The Work & Pensions Committee launches a new inquiry into whether and how far the pension freedom and choice reforms are achieving their objectives and whether policy changes are required. This work will follow up an inquiry by the Committee shortly after the reforms were introduced in 2015.

For many people the choice of what to do with their pension savings in preparation for retirement will be the biggest financial decision they ever make. This inquiry has a wide scope, taking in the current picture of what people are doing with their retirement savings and how they chose their paths, the information and guidance available, and the way the pension product market is working.

Concerns about scams

One of the major concerns about the new freedoms is the potential for fraudsters to target people thinking about accessing or moving their pension pots. Police data show that
over £43 million of people's retirement savings have been lost to fraud since the policy was announced.

Recently the Pension Regulator warned that their anti-scammer “kitemark” is being used fraudulently by scammers and the Department for Work and Pensions has brought forward proposals for further anti-scam measures. The Committee is keen to hear of people's experiences with scammers, and what might be done to prevent these potentially devastating losses.

Saving decisions and guidance

Research indicates that people are making their pension choices without the support available, increasing the risk that they will not get the best value from their savings. Of people aged 55 and over and planning to retire in the next two years, just 7% used the free and impartial Pension Wise guidance service.

Market research for the Financial Conduct Authority found that early access of pension pots has become the ‘new norm' and that most who do so take a ‘path of least resistance', with low levels of shopping around.
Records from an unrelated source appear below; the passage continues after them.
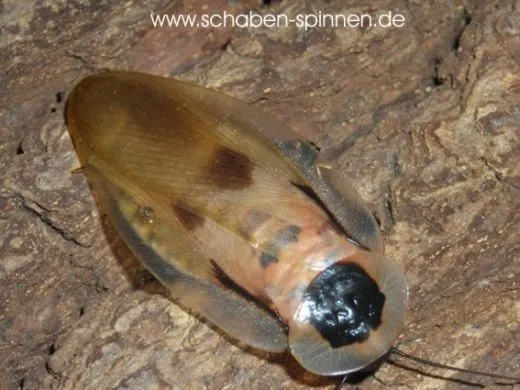 Blaberus craniifer - 15 Stück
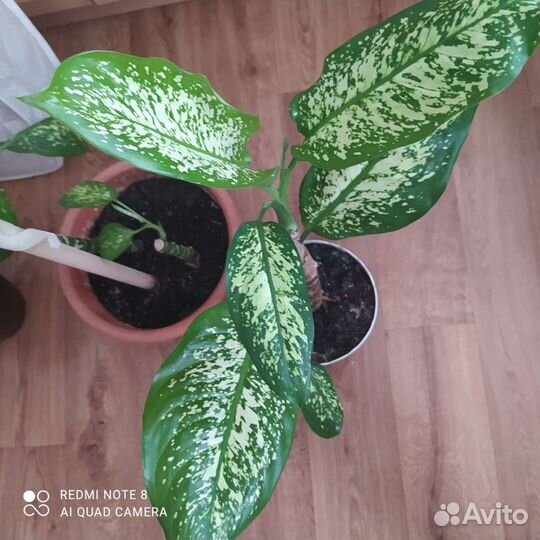 Комнатные цветы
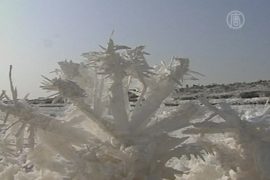 Озеро в Китае покрылось «цветами» из соли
Nest, the state-backed workplace pension scheme, recently expressed concerns that its millions of members may be at risk of running out of money, be hit by high charges or pay additional tax as a result of inadequate support structures being in place.

Call for evidence

The Committee invites written evidence on any or all of the following by Monday 23 October 2017, including recommendations for improvements in each case:

  • What are people doing with their pension pots (including defined benefit pension entitlements) and are those decisions consistent with their objectives? Is there adequate monitoring of the decisions being made?
  • Are people taking proportionate advice and guidance and if not, why not? Are people adjusting behaviour in response to advice and guidance?
  • To what extent will pensions dashboards enable consumers to make more informed decisions about their retirement savings? What are the remaining obstacles to their creation and success and how should those obstacles be overcome?
  • Is Pension Wise working? If not, how should it be reformed? Are there any implications for the proposed creation of a new single public financial guidance body?
  • Are there persistent gaps in the advice and guidance market and what might fill them? Is automated advice and guidance filling gaps as expected?
  • Is there evidence of product market competition resulting in cheaper, clearer or a wider products for consumers? Are people switching from their pension provider in accessing their pots? Is an adequate annuity market being sustained?
  • Are the Government and Financial Conduct Authority taking adequate steps to prevent scamming and mis-selling?
  • Are the freedom and choice reforms part of a coherent retirement saving strategy? To what extent is it complimentary to or undermined by other policies? 

Chair's comments

Rt Hon Frank Field MP, Chair of the Committee, said:

"Pension freedom and choice liberated savers to choose what they wanted to do with their own money. This was welcome, but as with any radical reform it important to monitor its practical effects closely to ensure it is working as envisaged. In this case it is vital that adequate support ensures people are equipped to ensure they don't make decisions they subsequently regret.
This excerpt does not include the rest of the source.